Хьюго пришла в голову мысль немедленно эмигрировать в Канаду. Но он остановил такси и попросил отвезти его на стадион, надеясь по дороге попасть в аварию.
Лишь одна сорокаваттная лампочка горела над служебным входом, и в ее слабом свете большая часть стадиона растворилась в темноте, превратившись в руины римского амфитеатра, разрушенного столетия назад.
Ночной сторож, разбуженный Хьюго, заворчал и недовольно взглянул на него.
«Не могут дать человеку отдохнуть, – услышал Хьюго мысли сторожа, – проклятые звезды. Когда же они переломают свои толстые шеи?»
– Добрый вечер, мистер Плейс, добрый вечер, – поздоровался сторож.
– Ага, – ответил Хьюго. Он шел к раздевалке и, казалось, его окружали тени избитых, увечных, раненых футболистов, а ветер, врывающийся под трибуны, наполнял воздух ревом миллиона болельщиков. Как он мог, удивлялся Хьюго, подумать, что на стадионе можно поразвлечься.
Взявшись за ручку двери, ведущей в раздевалку, Хьюго заколебался. Он никогда не говорил с тренером о политике, но знал, что тот плакал всякий раз, когда оркестр на стадионе исполнял «Звездно-полосатый флаг»[16], и отказался голосовать за Голдуотера, потому что считал того коммунистом.
Собравшись с духом, Хьюго открыл дверь и вошел в раздевалку. На табличке над его шкафом все еще значилось «Плейс». Впрочем, Хьюго не мог решить, хорошо ли это.
Хьюго еще раз окинул раздевалку взглядом и постучал в закрытую дверь кабинета тренера.
– Войдите, – донеслось изнутри.
Хьюго вздохнул и вошел.
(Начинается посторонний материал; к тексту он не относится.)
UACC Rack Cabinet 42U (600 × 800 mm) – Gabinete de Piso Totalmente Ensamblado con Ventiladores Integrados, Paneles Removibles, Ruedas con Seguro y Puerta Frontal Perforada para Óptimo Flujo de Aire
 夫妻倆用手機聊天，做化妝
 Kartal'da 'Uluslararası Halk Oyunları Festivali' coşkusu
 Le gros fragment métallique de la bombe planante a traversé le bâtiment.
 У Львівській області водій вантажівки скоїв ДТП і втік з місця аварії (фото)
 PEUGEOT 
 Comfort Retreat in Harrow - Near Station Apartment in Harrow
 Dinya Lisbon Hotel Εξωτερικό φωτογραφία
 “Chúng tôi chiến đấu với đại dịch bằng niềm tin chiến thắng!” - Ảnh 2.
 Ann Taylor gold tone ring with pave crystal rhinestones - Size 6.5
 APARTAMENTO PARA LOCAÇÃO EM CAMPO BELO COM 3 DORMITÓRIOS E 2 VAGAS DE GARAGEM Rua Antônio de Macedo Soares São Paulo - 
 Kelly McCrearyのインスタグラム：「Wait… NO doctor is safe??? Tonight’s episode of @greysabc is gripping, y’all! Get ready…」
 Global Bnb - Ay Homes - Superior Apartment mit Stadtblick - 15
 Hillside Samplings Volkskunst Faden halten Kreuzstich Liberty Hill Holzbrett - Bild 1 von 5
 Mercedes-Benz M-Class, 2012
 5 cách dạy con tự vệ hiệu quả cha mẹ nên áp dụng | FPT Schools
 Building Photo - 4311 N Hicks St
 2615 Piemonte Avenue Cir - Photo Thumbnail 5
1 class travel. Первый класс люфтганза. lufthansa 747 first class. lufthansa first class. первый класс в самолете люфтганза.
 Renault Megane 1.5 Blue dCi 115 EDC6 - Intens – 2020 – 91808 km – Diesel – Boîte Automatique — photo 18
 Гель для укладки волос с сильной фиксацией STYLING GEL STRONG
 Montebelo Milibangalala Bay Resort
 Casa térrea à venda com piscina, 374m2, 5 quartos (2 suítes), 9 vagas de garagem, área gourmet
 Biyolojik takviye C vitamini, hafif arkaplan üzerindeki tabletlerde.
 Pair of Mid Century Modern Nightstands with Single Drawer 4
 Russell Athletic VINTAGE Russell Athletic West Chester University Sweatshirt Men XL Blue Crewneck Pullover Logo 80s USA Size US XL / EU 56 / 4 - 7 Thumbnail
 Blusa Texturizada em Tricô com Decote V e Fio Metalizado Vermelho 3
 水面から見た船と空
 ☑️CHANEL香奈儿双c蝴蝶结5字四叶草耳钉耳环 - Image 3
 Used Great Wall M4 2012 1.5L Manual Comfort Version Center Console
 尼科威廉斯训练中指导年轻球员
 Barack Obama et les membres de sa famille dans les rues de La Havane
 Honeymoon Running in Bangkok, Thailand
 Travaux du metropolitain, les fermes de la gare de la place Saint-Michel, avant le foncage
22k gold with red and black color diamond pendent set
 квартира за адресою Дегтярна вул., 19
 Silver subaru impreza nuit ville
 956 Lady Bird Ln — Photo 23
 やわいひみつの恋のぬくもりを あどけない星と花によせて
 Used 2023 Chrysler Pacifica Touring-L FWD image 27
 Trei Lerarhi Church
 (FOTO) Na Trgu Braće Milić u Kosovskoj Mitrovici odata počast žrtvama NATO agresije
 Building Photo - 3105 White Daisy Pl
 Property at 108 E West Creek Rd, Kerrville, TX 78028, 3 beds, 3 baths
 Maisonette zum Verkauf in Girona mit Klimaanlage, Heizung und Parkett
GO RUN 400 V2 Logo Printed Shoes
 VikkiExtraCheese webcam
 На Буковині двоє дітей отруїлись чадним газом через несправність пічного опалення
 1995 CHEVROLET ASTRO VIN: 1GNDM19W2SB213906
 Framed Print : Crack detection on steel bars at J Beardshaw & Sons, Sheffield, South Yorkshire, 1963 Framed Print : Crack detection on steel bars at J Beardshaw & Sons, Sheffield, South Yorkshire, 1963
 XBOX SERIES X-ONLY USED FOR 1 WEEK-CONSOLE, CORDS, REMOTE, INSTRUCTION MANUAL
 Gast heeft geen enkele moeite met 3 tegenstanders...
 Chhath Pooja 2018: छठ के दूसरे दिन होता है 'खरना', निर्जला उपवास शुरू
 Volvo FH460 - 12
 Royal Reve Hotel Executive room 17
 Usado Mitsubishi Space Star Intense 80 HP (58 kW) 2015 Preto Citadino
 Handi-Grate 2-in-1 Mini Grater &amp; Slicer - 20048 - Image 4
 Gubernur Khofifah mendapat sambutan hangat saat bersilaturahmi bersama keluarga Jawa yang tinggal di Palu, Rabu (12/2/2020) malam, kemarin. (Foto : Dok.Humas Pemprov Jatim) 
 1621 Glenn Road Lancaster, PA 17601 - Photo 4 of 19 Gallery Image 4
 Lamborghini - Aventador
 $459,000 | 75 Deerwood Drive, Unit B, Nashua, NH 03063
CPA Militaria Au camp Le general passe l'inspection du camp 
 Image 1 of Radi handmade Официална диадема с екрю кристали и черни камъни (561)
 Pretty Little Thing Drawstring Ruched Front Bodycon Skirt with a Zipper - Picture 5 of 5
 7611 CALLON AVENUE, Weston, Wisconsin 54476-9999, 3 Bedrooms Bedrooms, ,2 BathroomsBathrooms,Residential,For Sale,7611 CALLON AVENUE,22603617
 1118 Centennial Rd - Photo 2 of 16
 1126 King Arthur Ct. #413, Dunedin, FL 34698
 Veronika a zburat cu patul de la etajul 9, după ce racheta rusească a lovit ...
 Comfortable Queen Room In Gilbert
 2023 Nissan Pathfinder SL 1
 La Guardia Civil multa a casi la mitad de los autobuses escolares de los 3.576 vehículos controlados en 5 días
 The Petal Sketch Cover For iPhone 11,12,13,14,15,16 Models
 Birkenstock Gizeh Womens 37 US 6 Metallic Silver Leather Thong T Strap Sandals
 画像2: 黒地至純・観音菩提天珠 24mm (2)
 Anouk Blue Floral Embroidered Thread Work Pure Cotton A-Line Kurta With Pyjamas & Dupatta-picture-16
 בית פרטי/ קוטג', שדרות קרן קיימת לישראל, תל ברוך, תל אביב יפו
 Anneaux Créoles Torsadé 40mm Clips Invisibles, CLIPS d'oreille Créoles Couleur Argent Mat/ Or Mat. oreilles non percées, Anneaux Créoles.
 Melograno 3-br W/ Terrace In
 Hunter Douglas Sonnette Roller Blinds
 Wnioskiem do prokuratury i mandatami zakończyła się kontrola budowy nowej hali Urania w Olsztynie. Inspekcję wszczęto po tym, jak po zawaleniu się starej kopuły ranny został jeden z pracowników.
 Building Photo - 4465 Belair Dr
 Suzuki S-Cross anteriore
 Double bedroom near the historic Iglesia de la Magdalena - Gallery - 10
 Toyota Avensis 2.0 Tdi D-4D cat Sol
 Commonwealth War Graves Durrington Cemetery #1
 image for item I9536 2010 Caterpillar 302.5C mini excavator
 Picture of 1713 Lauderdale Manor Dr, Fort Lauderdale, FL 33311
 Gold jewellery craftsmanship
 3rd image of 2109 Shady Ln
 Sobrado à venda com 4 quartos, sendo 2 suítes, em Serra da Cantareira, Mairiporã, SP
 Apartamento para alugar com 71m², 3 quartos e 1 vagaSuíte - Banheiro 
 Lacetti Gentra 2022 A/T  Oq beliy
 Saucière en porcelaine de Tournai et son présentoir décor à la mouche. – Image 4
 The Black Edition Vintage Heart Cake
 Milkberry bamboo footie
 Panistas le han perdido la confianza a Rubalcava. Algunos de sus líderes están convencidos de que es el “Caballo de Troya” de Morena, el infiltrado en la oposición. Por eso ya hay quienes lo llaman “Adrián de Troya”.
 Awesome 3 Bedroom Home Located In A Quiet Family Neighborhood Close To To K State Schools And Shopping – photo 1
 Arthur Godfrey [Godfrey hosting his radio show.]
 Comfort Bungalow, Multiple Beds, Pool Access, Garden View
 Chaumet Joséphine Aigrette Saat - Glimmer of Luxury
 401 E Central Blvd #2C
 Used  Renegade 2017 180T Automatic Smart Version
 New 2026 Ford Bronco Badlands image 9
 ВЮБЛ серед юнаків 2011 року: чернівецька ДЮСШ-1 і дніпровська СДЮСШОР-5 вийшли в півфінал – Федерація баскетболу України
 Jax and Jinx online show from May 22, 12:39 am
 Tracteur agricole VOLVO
Тренер сидел в темном костюме и черном галстуке, будто собрался на похороны. Воротник белой рубашки плотно облегал шею. Бессонница отразилась на его внешности: щеки ввалились, под воспаленными глазами набухли фиолетовые мешки. Тренер выглядел ужасно, хуже, чем после их проигрыша 0:45 команде, впервые участвующей в чемпионате лиги.
– Мой мальчик… – Голос тренера сочился болью. – Я рад, что ты пришел так поздно. Я успел подумать, увидеть все в истинном свете. Час назад в праведном гневе я бы голыми руками разорвал тебя на части. Но теперь я счастлив, так как луч истины осветил меня в бдениях этой мучительной ночи. – В настроении тренера преобладали библейские мотивы. – К счастью, после того как Бренатскис позвонил мне и сказал, что ему удалось за сто долларов убедить судью не возбуждать против тебя уголовного дела – конечно, их вычтут из твоей зарплаты – и эта история не попадет в газеты – еще сто пятьдесят долларов, всего двести пятьдесят, – у меня было время поразмыслить. В конце концов, для миллионов мальчиков по всей стране такие футболисты, как ты, являются олицетворением настоящей честной американской агрессивности. Они обожают вас, как героев, и стараются подражать вам во всем. И теперь, когда они смогут избежать того разочарования, которое испытали бы, узнав, что один из их кумиров, игрок моей команды, оказался среди врагов своей страны… Ты следишь за моей мыслью, Плейс?
– Конечно, – ответил Хьюго. Ему хотелось оказаться поближе к двери. Спокойный, с тихим голосом, понимающий тренер очень встревожил Хьюго, будто он увидел, как огни большого города погасли в одно мгновение.